In general, if we are to treat people like they’re made in the image and likeness of God, it’s necessary to listen to them genuinely, setting aside whatever preconceived notions we might bring. Again, this seems especially critical when it comes to race. At the same time, because so many of us are unused to talking about race, few subjects tend to be more fraught with tension. The conversations in these pages are clearly no substitute for person-to-person dialogue within our parishes, but they might be a helpful contribution. Here I’ll add a personal note. In January, I moved to Mobile, Alabama—temporarily leaving my home in New York City—to work on a nonfiction book, dealing with a historic African American community here on the Gulf Coast. As a white journalist interviewing Black people every day, I’ve become, if anything, less colorblind this year. The question of race never goes away, no matter how much time these Alabamians and I spend together—but it does get easier to talk about. They have been gracious, and it seems a bit of humility and self-awareness on my part has helped.
This issue of Jacob’s Well draws inspiration from Dr. Albert Raboteau, a brilliant scholar of African American religious history who teaches at Princeton University and belongs to our Diocese. In his memoir, A Sorrowful Joy, Dr. Raboteau describes a long struggle to integrate the disparate parts of his life: being, for instance, a Black man from coastal Mississippi on one hand, and a convert to Orthodox Christianity on the other. For him, the struggle has led to a profound revelation: that despite the cultural differences, there is a deep consonance between Black Christianity and the Orthodox faith. “Christianity is a religion of suffering,” he writes. “As the old slaves knew, suffering can’t be evaded, it is a mark of the authenticity of the faith. The primary example of suffering Christianity in this country was the experience of African American slaves.”
Dr. Raboteau’s story can speak to us on multiple levels.
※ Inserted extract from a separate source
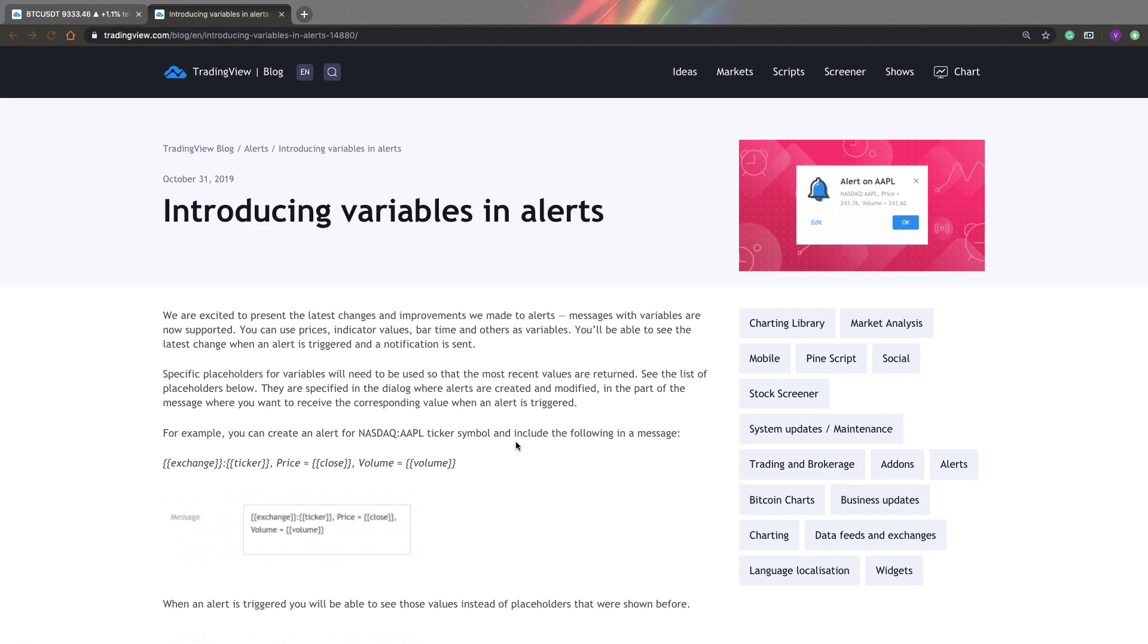Hi, this is QuantNomad, welcome to my channel. So just a few days ago, TradingView announced a new feature, so now you can add variables to your alerts.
Living in a culture where our particular faith tradition is all but unknown, it can be hard to think about race relations, or politics, or our jobs, or popular media through the lens of Orthodox theology. We tend to compartmentalize what we do on Sundays and in our icon corners from the rest of our lives. But in the Christian life, challenges usually present opportunities. Perhaps we can use this frantic, polemicized moment to follow Raboteau’s lead and strive for unity, starting in our own lives.